What we have here is the first and probably last new wave Consumer Guide. First because never before have 20 new wave albums (much less the 40 or so I've chosen from) been current at one time, and last because the concept promises to become more or less meaningless in short order. Not that new wave is Taking Over--just that it's Established Itself, as a commercially viable idea in an ailing industry. As a result, the hypes that are now so transparent (see the Bottles) will soon make for amalgams which defy classification altogether.

After restricting myself to newish artists (no forebears like Lou or Iggy), I kept my criteria pretty vague. A few of these artists--CBGB's Shirts, 1977's Only Ones--qualify mostly by historical association. More important, a lot of them are simply pop bands trailing after the Knack. Needless to say, many consider such music hopelessly venal, overlooking the sad fact that two years ago the power pop style was unsignable, pursued by dogged formalists who shared with the punks both vanguard venues and a compulsion to play short, fast songs which required no fancy stuff in the studio. That power pop is limited goes without saying; that the freshness and intensity it encourages is what most of us have always loved about rock and roll bears repeating.
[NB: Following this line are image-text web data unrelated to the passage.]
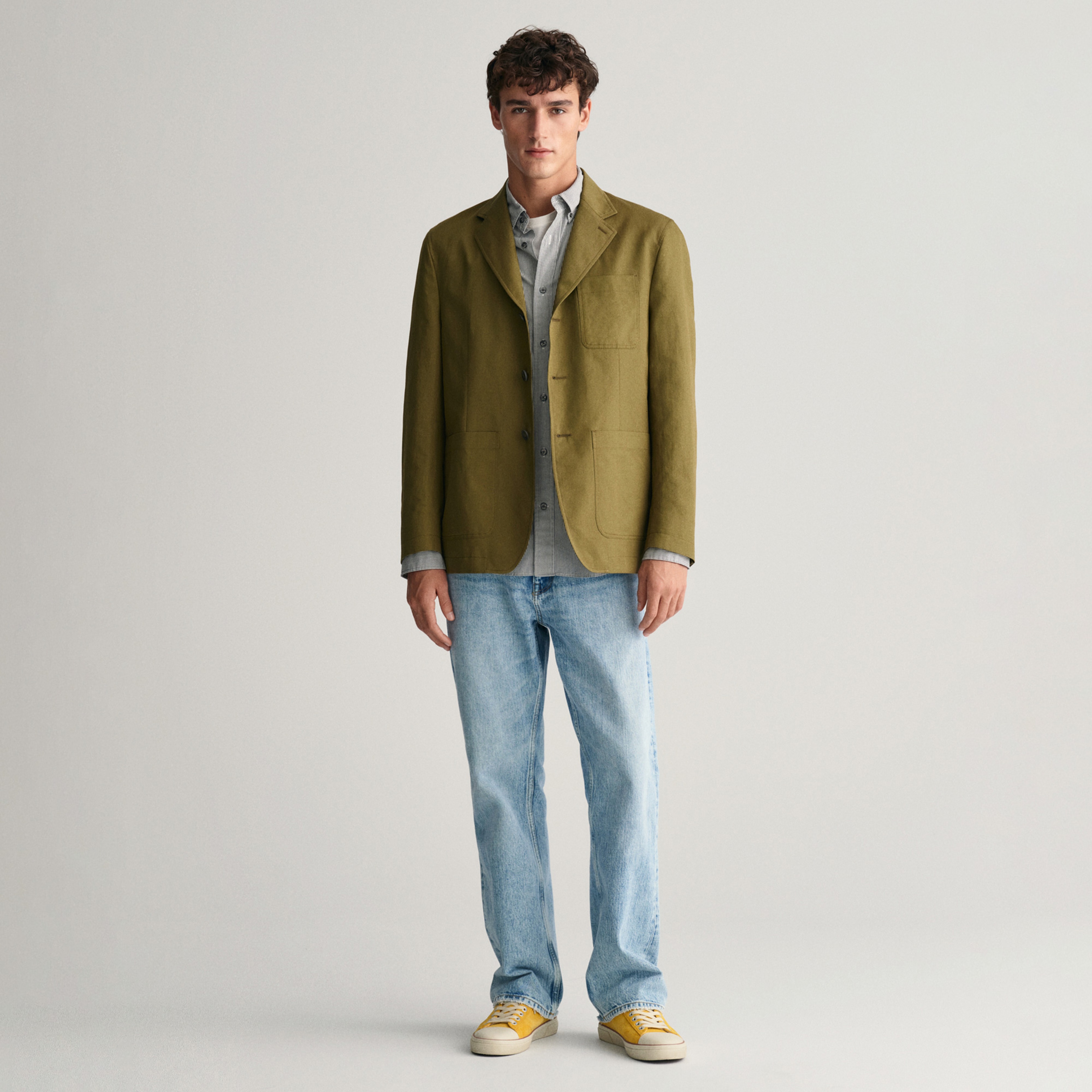 GANT Erkek Siyah Regular Fit Düğmeli Yaka Çizgili Gömlek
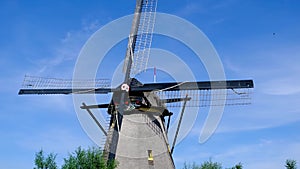 Traditional Dutch windmill in Kinderdijk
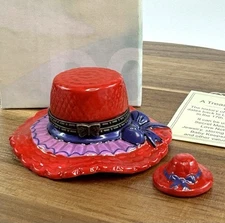 Porcelain Hinged Trinket Box Red Hat #1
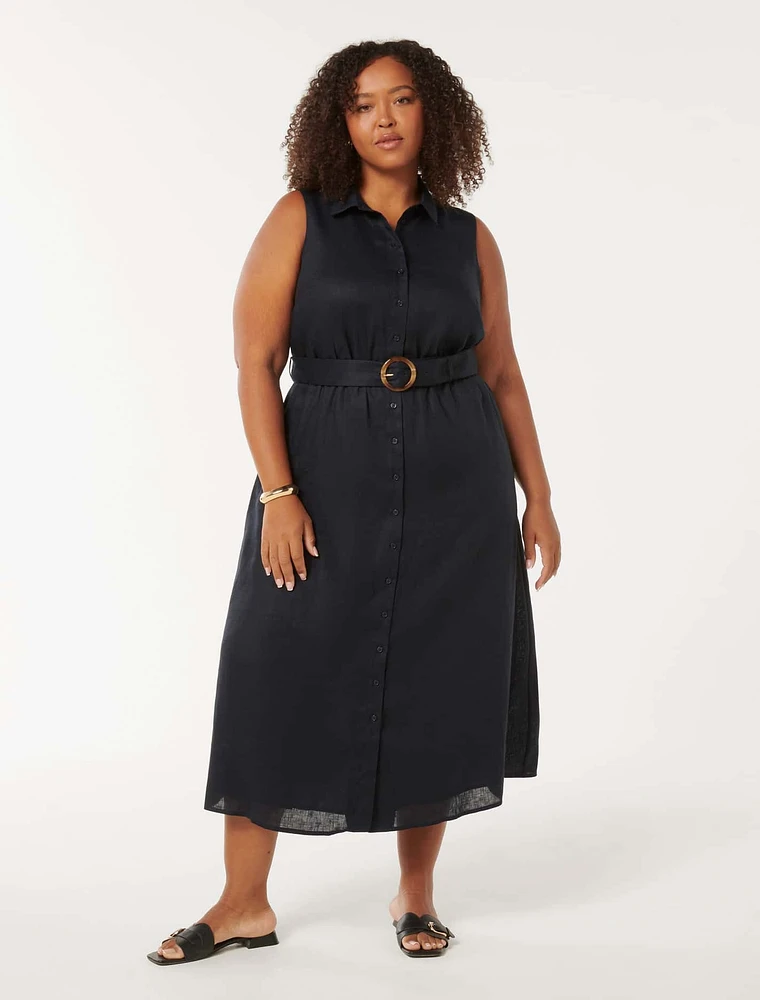 Gabbie Curve Button-Down Midi Dress Navy - 12 to 20 Women's Plus Day Dresses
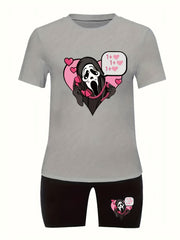  Skull & Letter Print 2 Piece Set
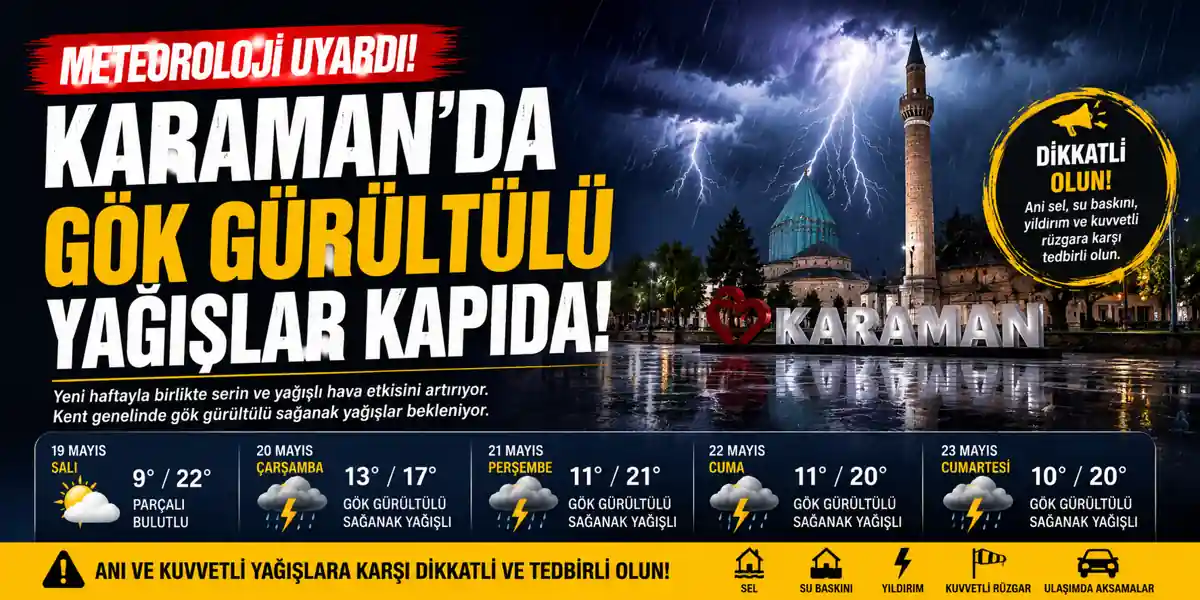 Meteoroloji Uyardı: Karaman&rsquo;da G&ouml;k G&uuml;r&uuml;lt&uuml;l&uuml; Sağanak Yağışlar Başlıyor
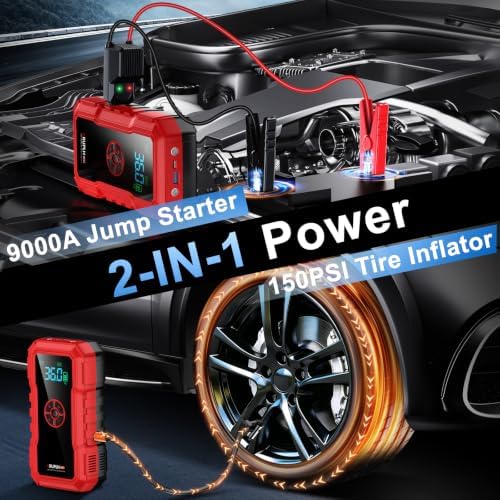 Portable Car Battery Jump Starter with Air Compressor - 9000A 150PSI
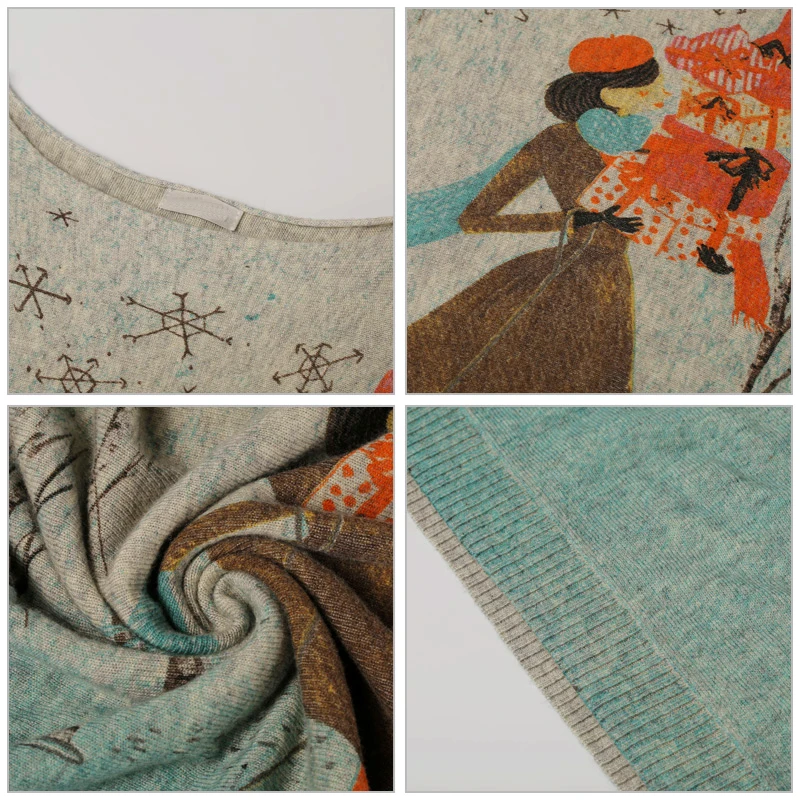 SFFZ Wool Sweaters for Women Free Size Oversized Lady Sweater Pullover Fashion Slash Neck Print Ladies Batwing Sleeve Pullovers | Женская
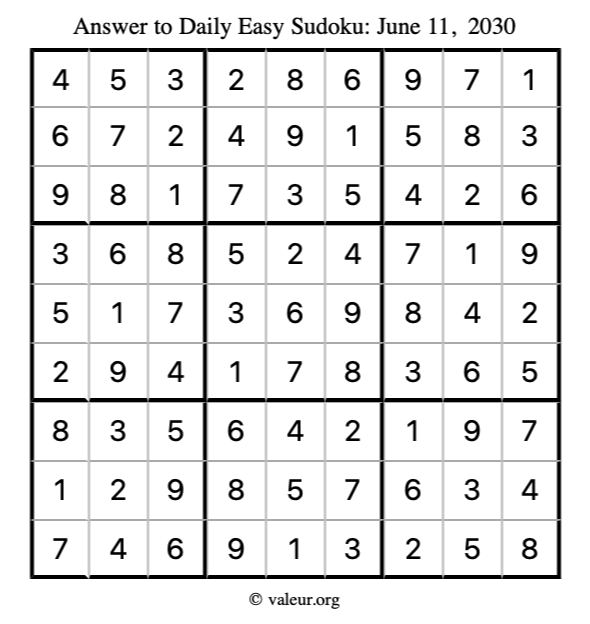 Answer to easy sudoku June 11, 2030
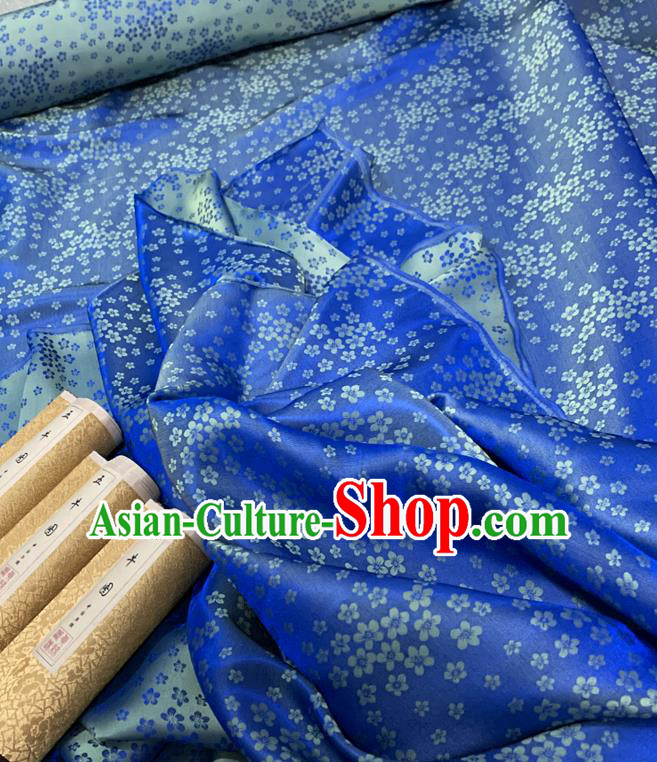 Chinese Classical Plum Pattern Deep Blue Watered Gauze Asian Top Quality Silk Material Hanfu Dress Fabric Cloth Cheongsam Brocade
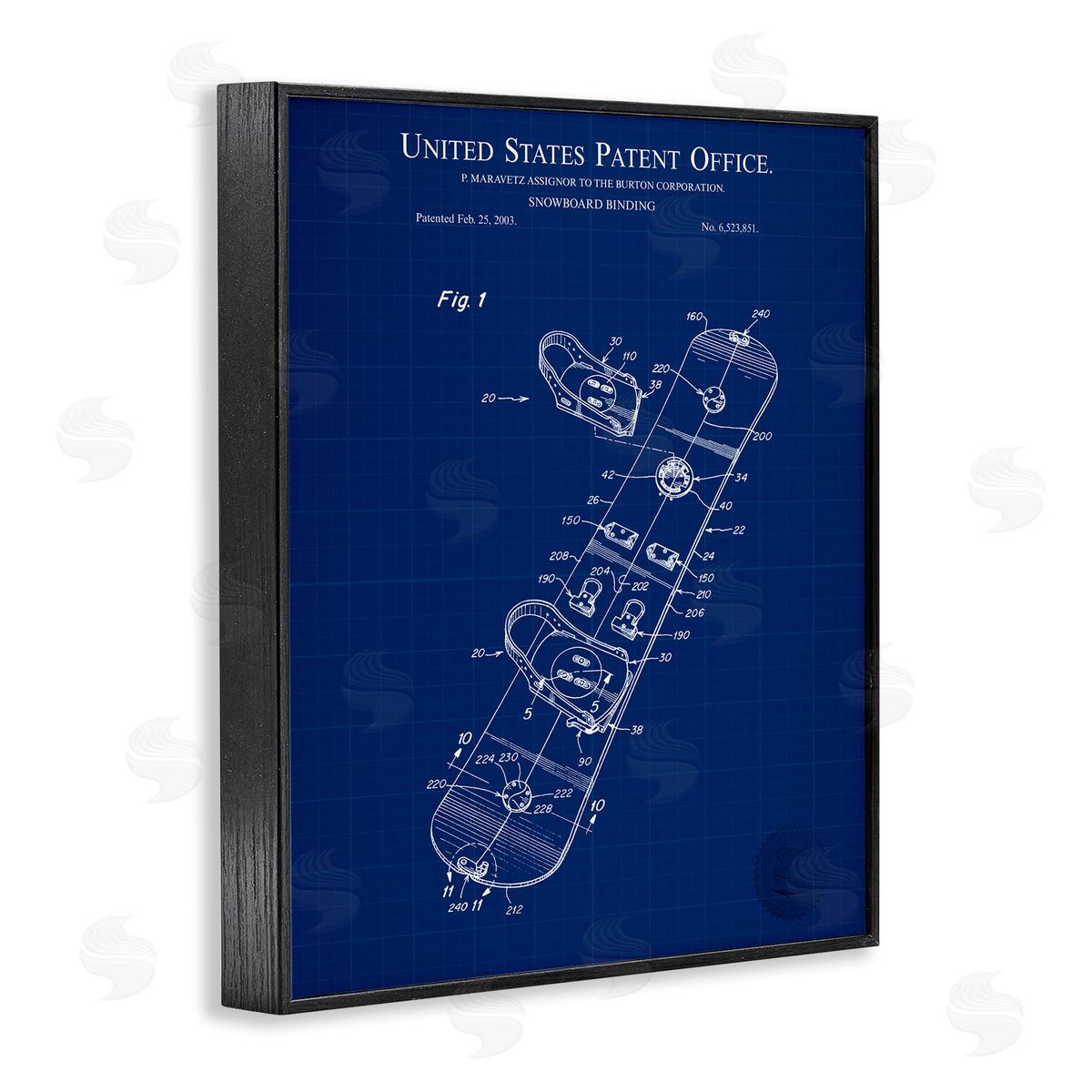 Snowboard Binding Blueprint Black Frame Print Wall Art, Home Decor by Karl Hronek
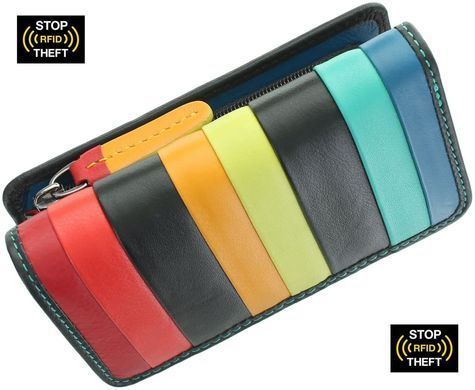 Кошелек женский кожаный Visconti STR3 Halki c RFID Black Multi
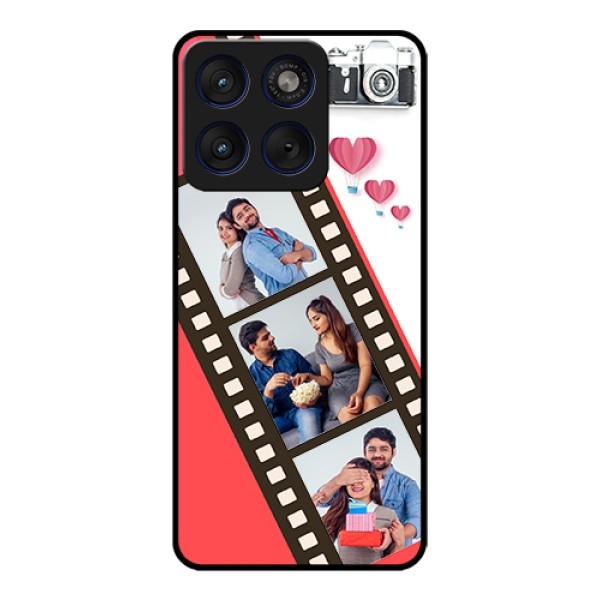 Motorola Edge 70 5G Custom Glass Phone Case - 3 Image Holder With Film Reel Motorola Edge 70 5G Custom Glass Phone Case - 3 Image Holder With Film Reel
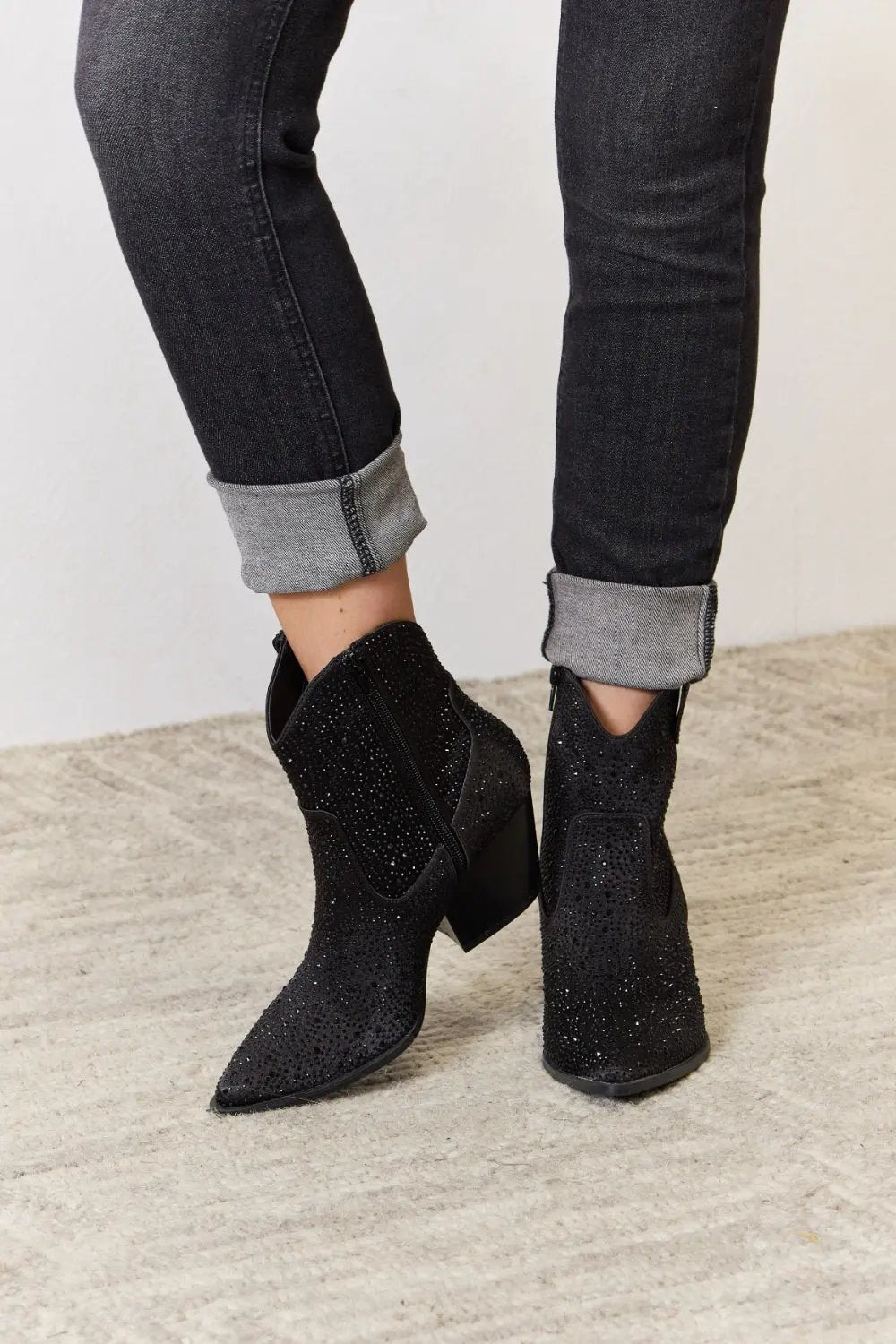 Dresses Trendsi Rhinestone Cowgirl Booties Women's Fashion Shoes - Sparkling & Glamorous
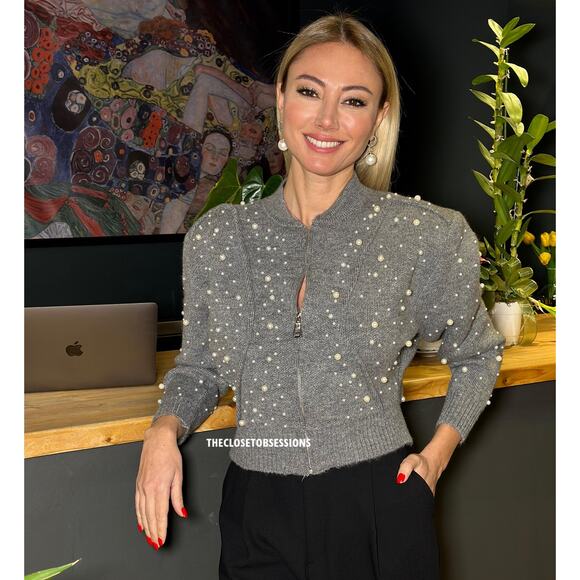 ZARA Wool-Blend Knit Jacket NWT | Gray Pearl Bomber Cardigan - Picture 10 of 12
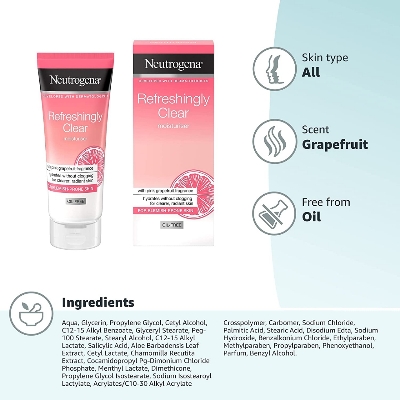 Picture of Neutrogena Moisture Cream - Refreshingly Clear Oil-Free Moisturiser with Grapefruit Scent  - 50ml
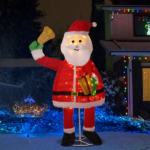 6FT Lighted Santa Claus Holding Bell Christmas Yard Decorations, Pre-lit Pull Up Santa with 200 Warm White LEDs, for Xmas Outdoor Holiday Indoor Decor Lighted Holiday Displays - Image 2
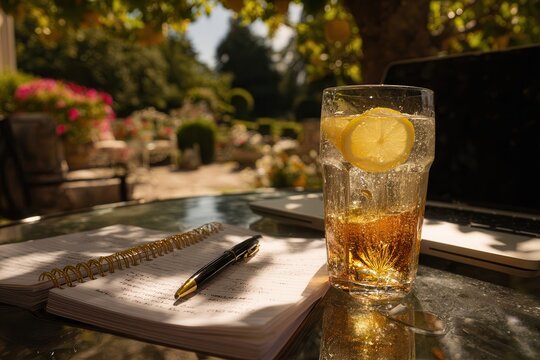 Clear glass with lemon drink on garden table with laptop - Powered by Adobe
The secret of short fast songs, be they pop or punk or in between, is good short fast songs. One surprise of this survey is how many bands provide them. Another is that in no less than three cases the songs are undermined by the singing. Bands are straining for a distinctive vocal stance because they're aware of a troublesome commercial and artistic necessity--the need to make clear that one is living in 1979, rather than pining for the British Invasion like some nouveau folkie. Most of these bands aren't as innocent as they'd like to be, and how much mileage you can get out of the secondhand innocence of stylistic conviction remains to be seen. Not much is my guess.

I ought to mention that my Pick Hit and Must to Avoid imply no ideological preference for the pop of Pete Shelley's Buzzcocks over the ambition of ex-Buzzcock Howard Devoto's Magazine. History does teach that rock's inspired primitives make appalling gaffes when they determine to expand their artistic horizons. But it's from groups like those below that much of the best rock and roll of the '80s will emanate, and I have no doubt that some of it will be ambitious indeed. I also have no doubt that plenty of good rock and roll will spring up elsewhere. After weeks of white male voices speeding by (three titles with exclamation points, a new CG record), I'm looking forward to Fleetwood Mac and Ashford & Simpson. And who knows what else.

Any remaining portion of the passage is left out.